Work instruction:
Leave the pictures out and quote only the lines from the one with "I also have" down to the end of the listing below.

Source data:
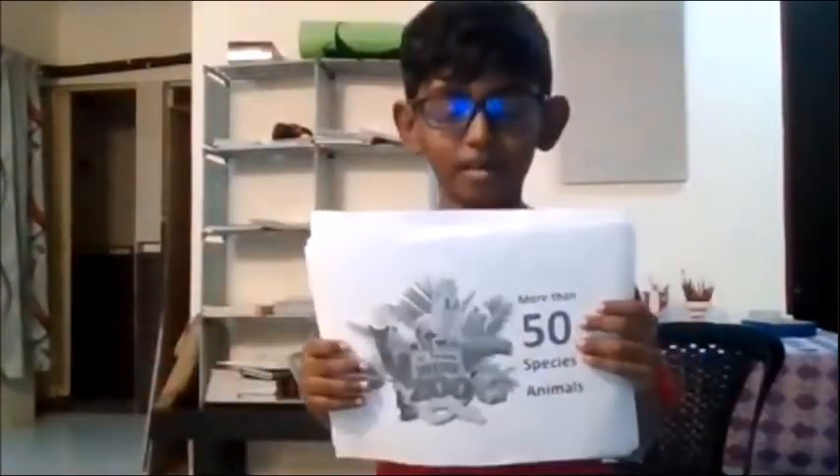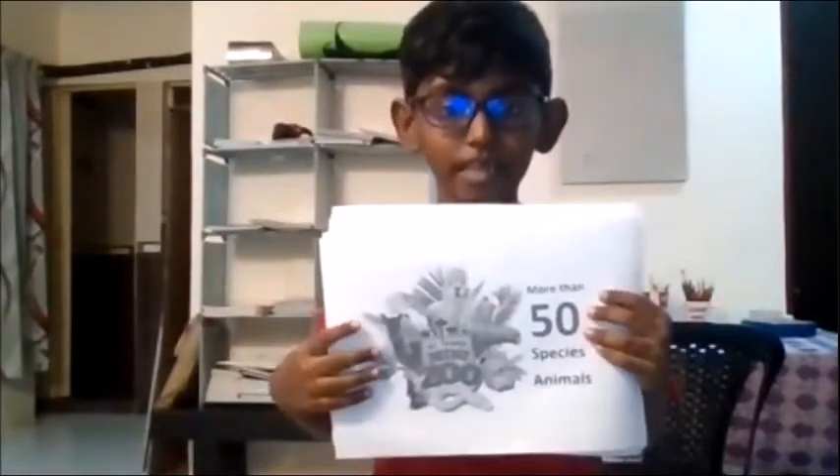There are more than 50 species of animals at the KL Tauomi Museum. We have different types of birds, monkeys, snakes, and many more.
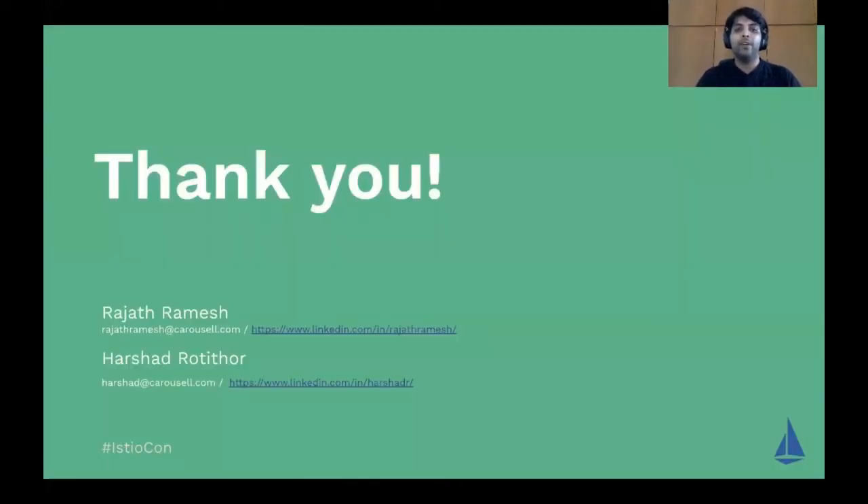This brings us to the end of our sharing. Thank you for your time and for the opportunity. We rushed through a few points during the presentation, so feel free to reach out to us — we'll be happy to share more about our experience. We are very early in our journey and there is a long way ahead. We welcome any feedback and inputs. Have a good day!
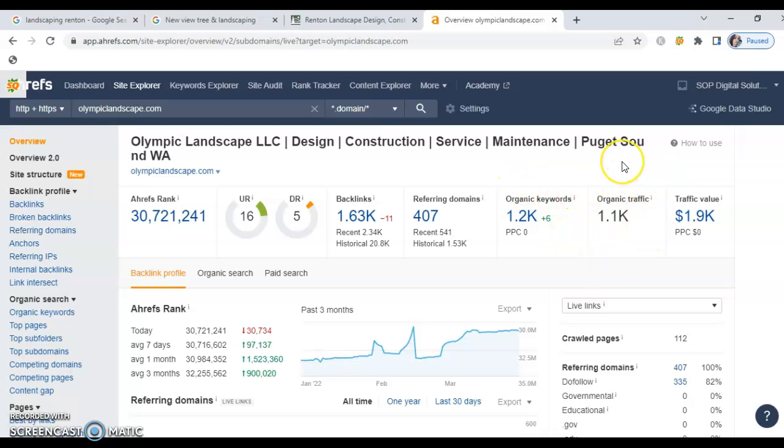The overall picture for them is that everything they've got going on is generating an organic traffic rate of 1,100 people. That means 1,100 people every single month are searching for the exact same services you offer in the exact same area, coming to their site, clicking on it, retaining their services, or getting additional information. The bottom line is this is a ton of traffic to be missing out on.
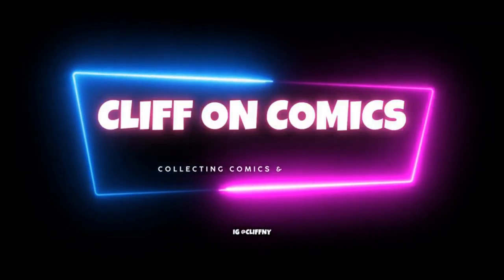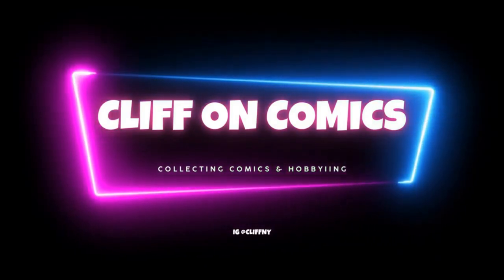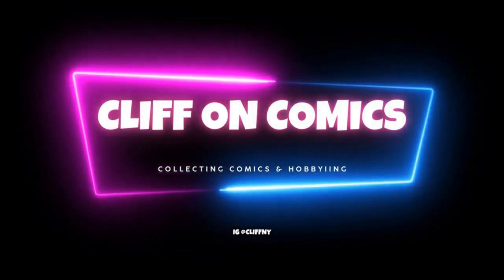It's another mail call, so let's get to it. First things first, this is from the Comic Mint — they had a holiday special with $20 off. So basically you just pick up a $20 book and pay the shipping.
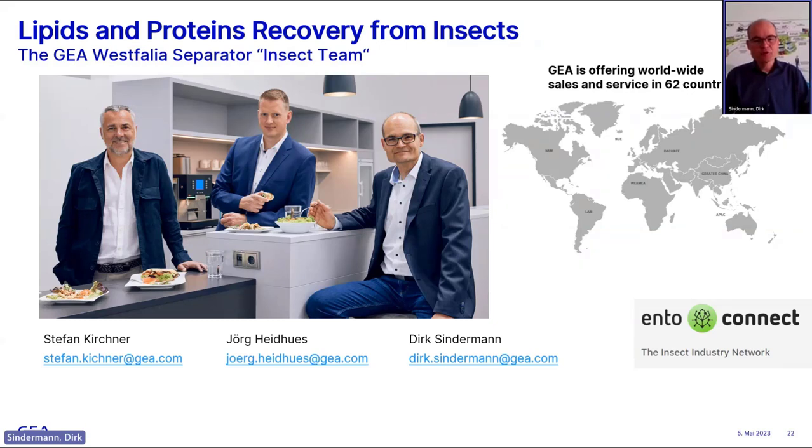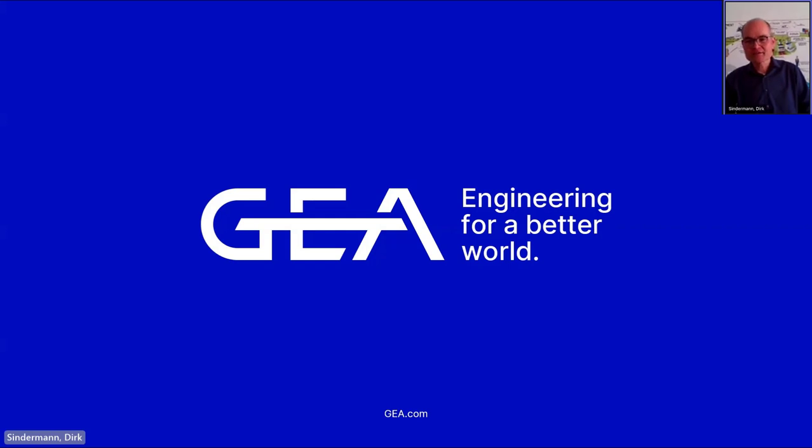That's basically what I wanted to present today. If you have further questions, we are glad to talk in the Q&A session. If you want to reach out to us, I'm just part of a team and we have people working in our GEA world within your specific country, so please reach out to your local sales representative. We are glad to help you from Oelde with your specific insect questions. Thank you very much.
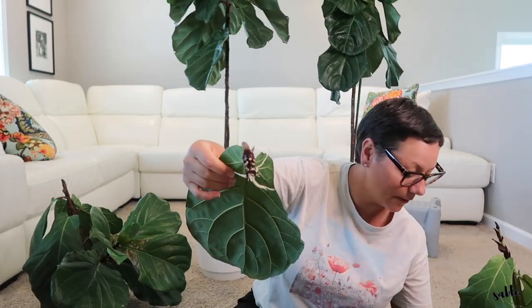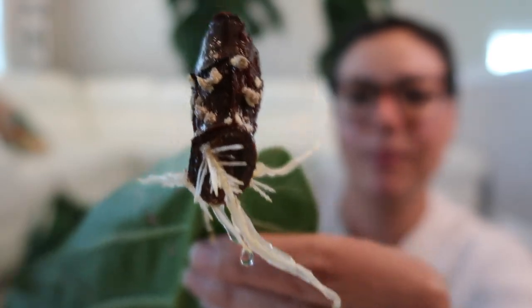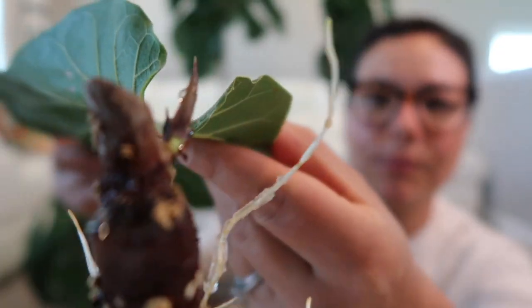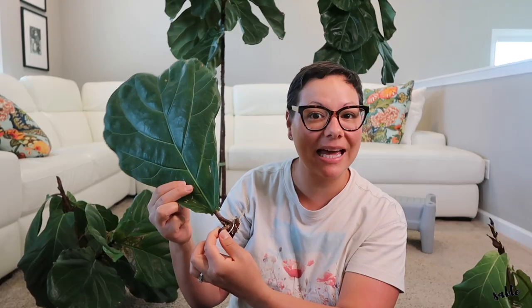I also have a single leaf here, and this leaf out of all the cuttings is doing the most — it has the most roots and it even has a new leaf trying to come out of it. That was very interesting; I'm glad I saved this one leaf.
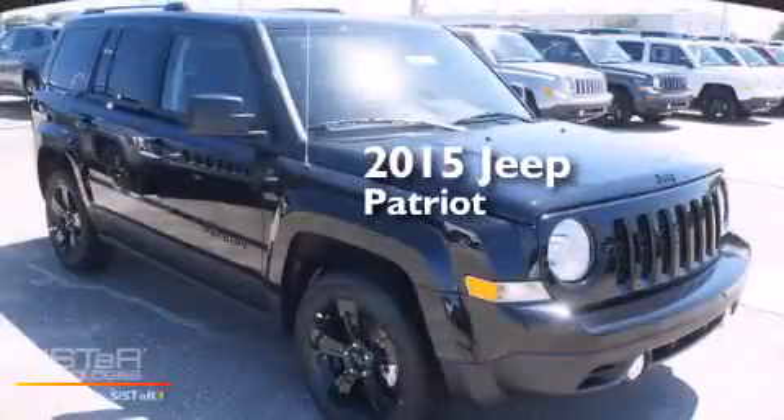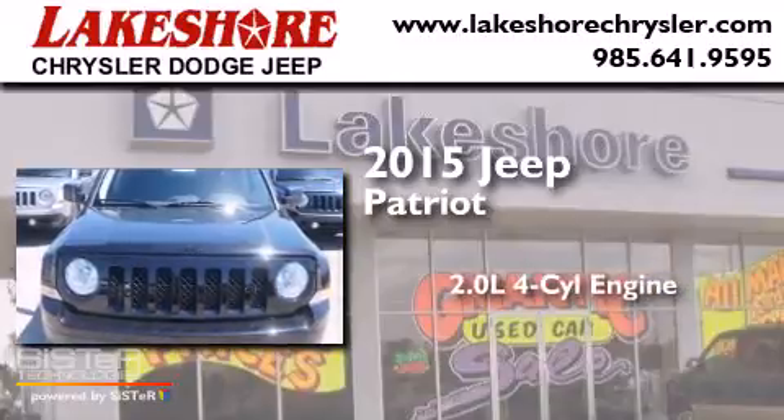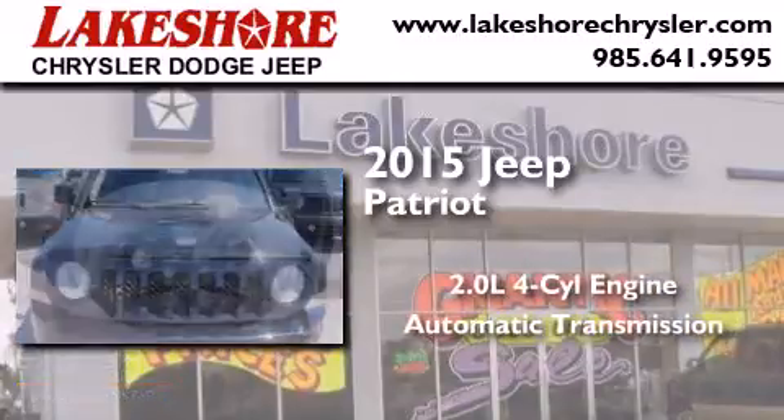This is a brand new 2015 Jeep Patriot. It has a 2.0-liter, four-cylinder engine and an automatic transmission.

Response to the exercise:
I also have a single leaf here, and this leaf out of all the cuttings is doing the most — it has the most roots and it even has a new leaf trying to come out of it. That was very interesting; I'm glad I saved this one leaf.
This is a brand new 2015 Jeep Patriot. It has a 2.0-liter, four-cylinder engine and an automatic transmission.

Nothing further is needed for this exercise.